France ‘takes note’ of Moody’s decision to lower rating

Paris, Sep 20 (IANS) The French government has taken note of the Moody’s decision to downgrade the country’s credit rating which healed continued weak growth and high debts, a media report said on Sunday.

In a statement issued on Friday, Moody’s placed the note of the eurozone’s second largest economy at “Aa2”, down from “Aa1”. However, it raised the outlook to “stable” from “negative”, reports Xinhua news agency.

Moody’s attributed its decision to uncertainty about recovery of French growth which “will remain low over the medium term, and to the obstacle that this will pose for any material reversal in France’s elevated debt burden in the foreseeable future”.

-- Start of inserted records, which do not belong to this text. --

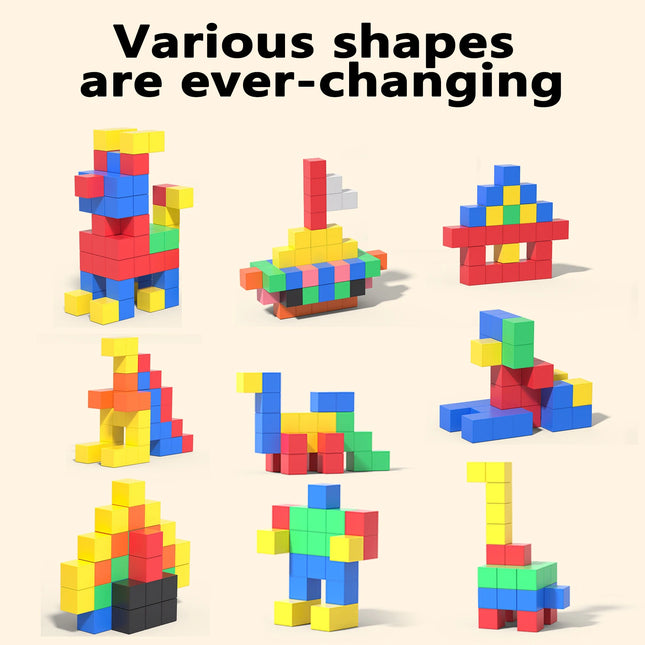 Magnetic cube tile children's toys, magnetic modeling building toys for toddlers, preschool learning, sensory STEM toys, creativ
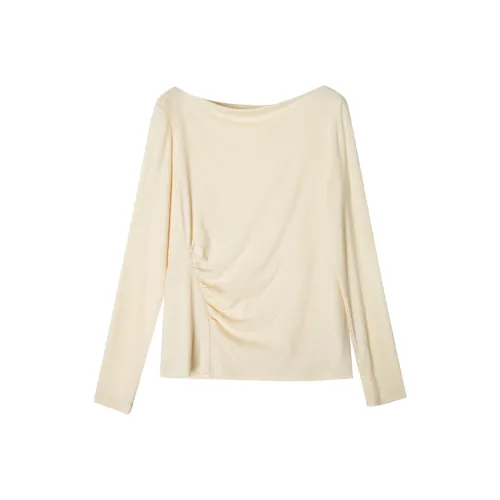 C+IMPRESS Длинный рукав Т-рубашка Женская Айвори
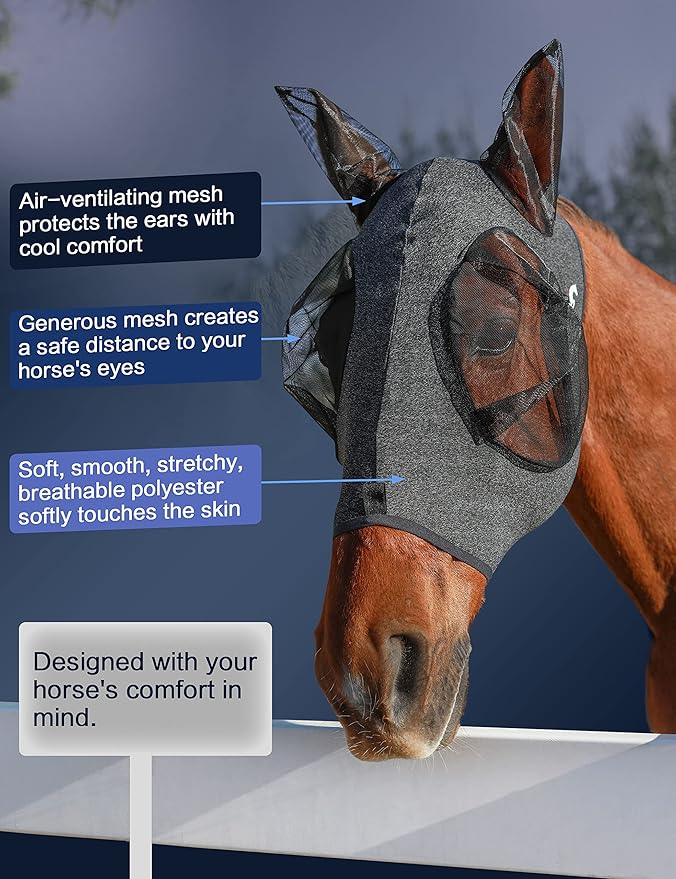 Horse Fly Mask with Ears, UV Protection Mask for Horses, Elasticity Mask with Big Mesh Eye Covers, Snug Fitting Comfortable Breathable Lightweight Dappled Gray Cob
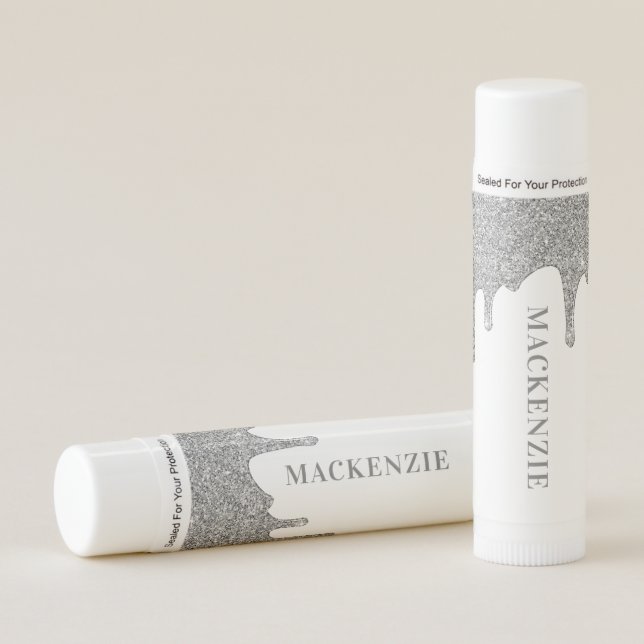 Chic Sparkle Silver Dripping Glitter Lip Balm (Front)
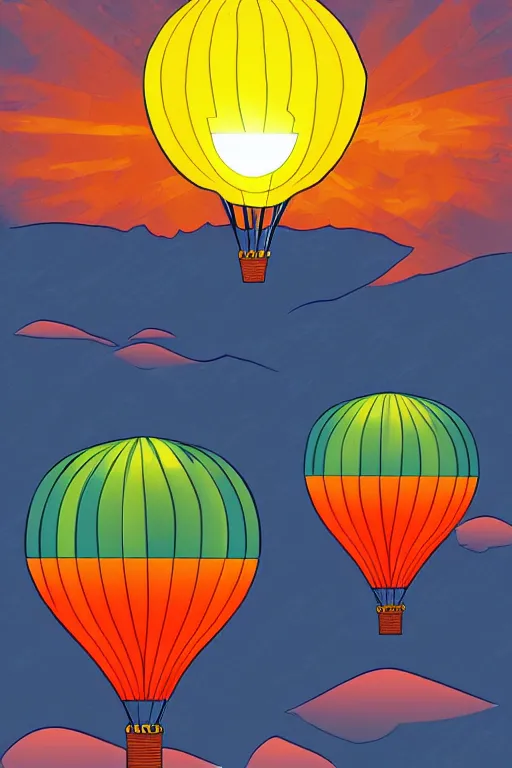 Image similar to sunrise mountain water hot air balloon illustration vector digital art by amiyakinyu trending on artstation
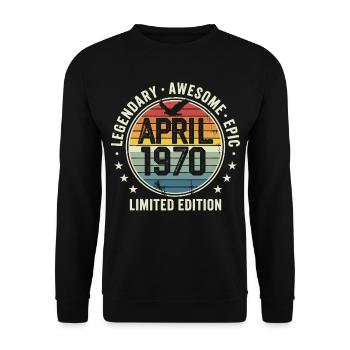 Limited Edition April 1970 - Vintage Design 1970's - Unisex Sweatshirt - black - Front - Alina (178cm) & Michal (187cm)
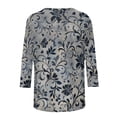 thumbnail image 5 of Ichuanyi Womens Tops 3/4 Sleeve Shirts Round Neck Loose Casual Blouses Floral Print Blouse Tshirts Tee, 5 of 5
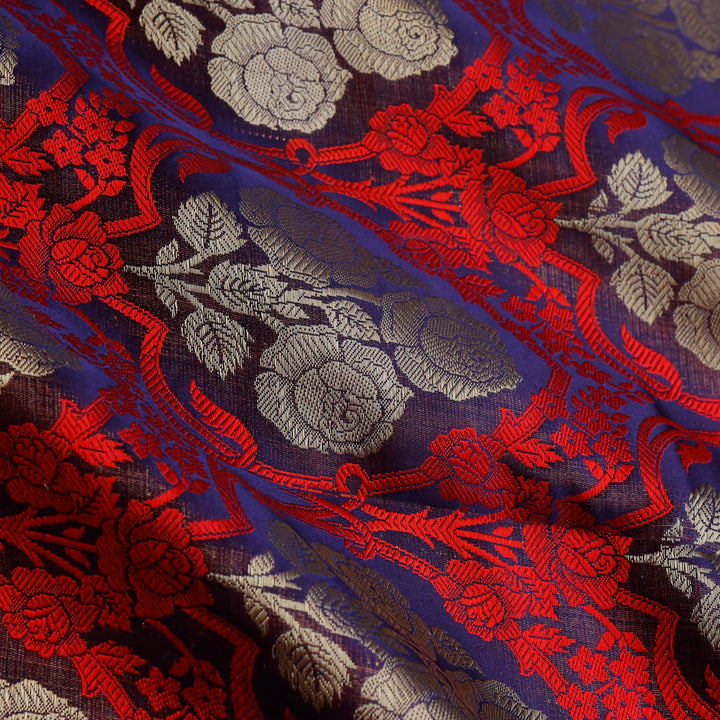 Violet Color Satin Silk Fabric With Floral Motif Pattern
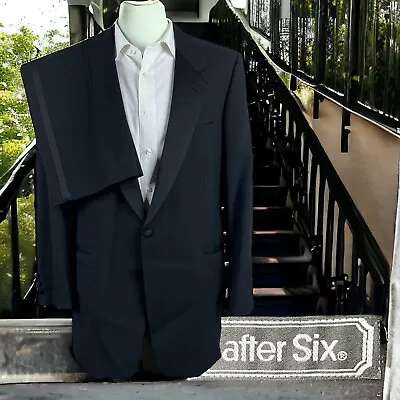 Vintage After Six 2 Piece Tuxedo Suit Mens 42L 34x29 Solid Black 1 Button • $111.10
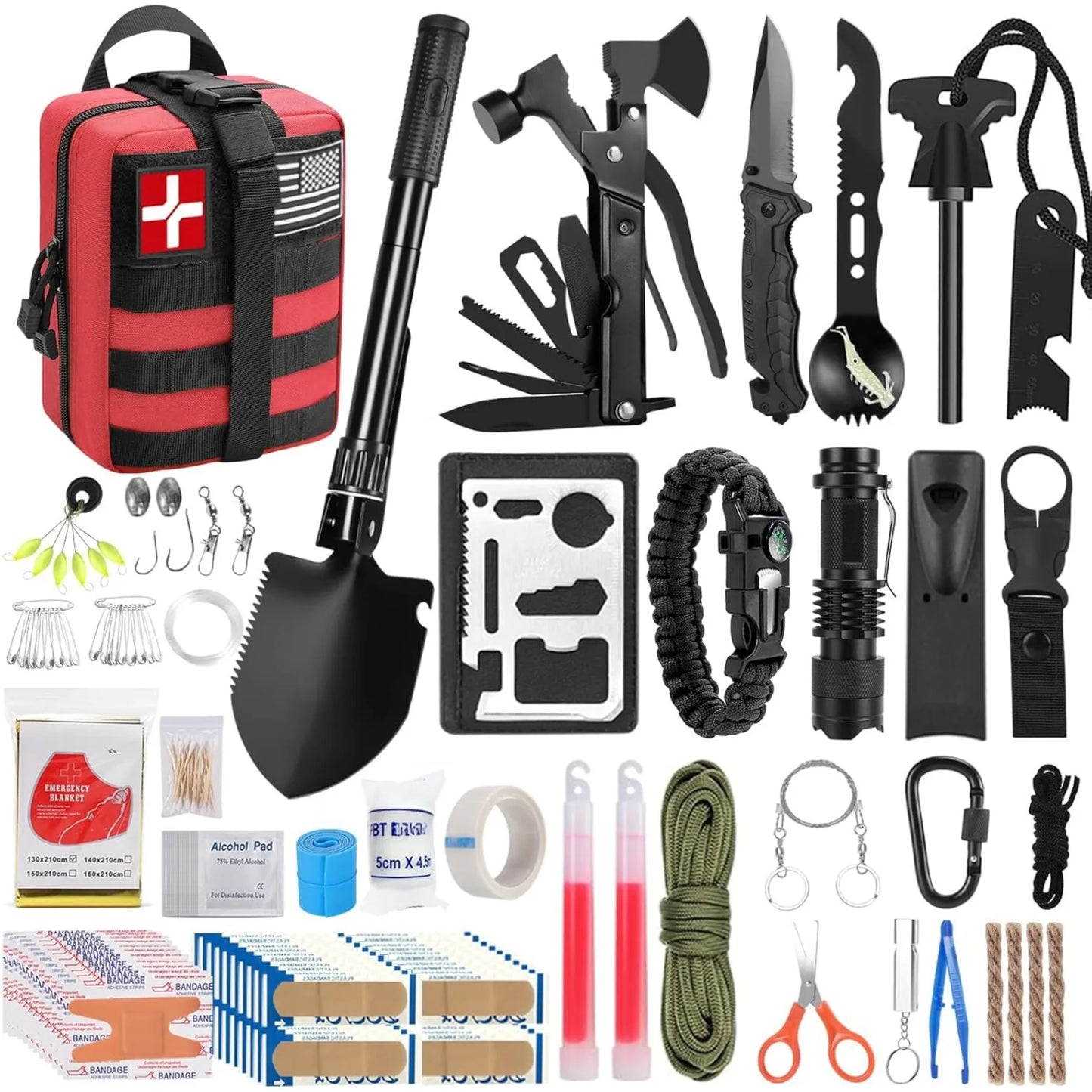 Survival And First Aid Kit 142 Piece Outdoor Gear For Men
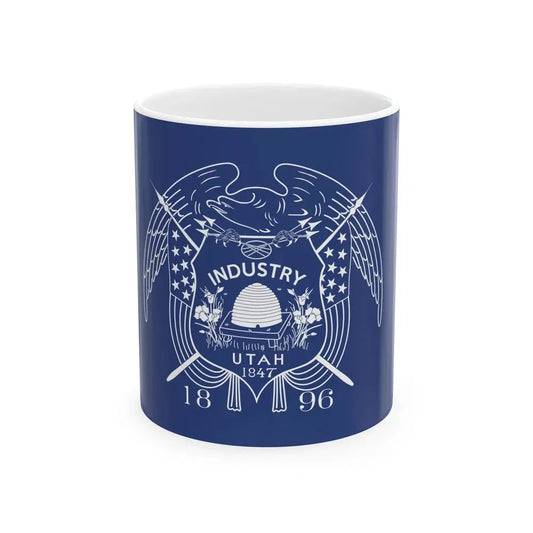 1911-1913 Utahs First Official State flag (United States) White Coffee Mug 11oz - Go Mug Yourself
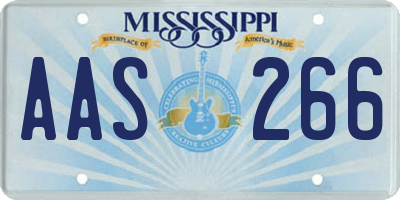 MS license plate AAS266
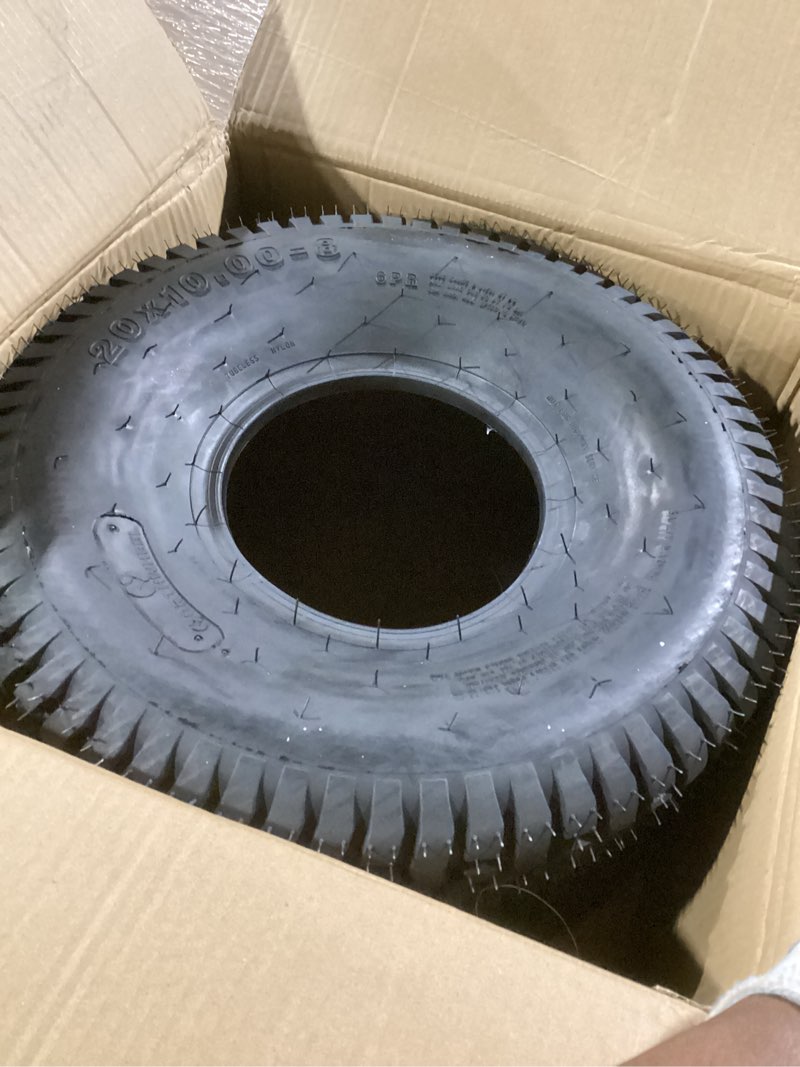 Condition photo showing Good Condition for tripower turf tires 20x10.00-8 for lawn mower and garden tractor, 6pr tubeless, 750lbs capacity, 1 pack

“The combination of structurally weaker growth, low inflation, and a more than 30 percentage point increase in the debt/GDP ratio since the onset of the global financial crisis means that the shock absorption capacity of France’s balance sheet has weakened and is no longer expected to recover materially in the next three to five years,” the statement said.

In a statement, French minister Michel Sapin said the French government was “firmly committed to continue and strengthen its policy of reforms to back French economy’s potential growth and employment”.

“Following data on tax revenues and public spending, our deficit target of 3.8 percent of GDP in 2015 is confirmed and it is expected to narrow to 3.3 percent of GDP in 2016, in accordance with government’s commitments,” he said.

Under 2016 financial plan, the ruling Socialists estimate the country’s debt-to-GDP ratio to stand “noticeably below 100 percent in 2016 before gradually falling”.

They also want to accelerate growth by 1.5 percent from an expected one percent this year.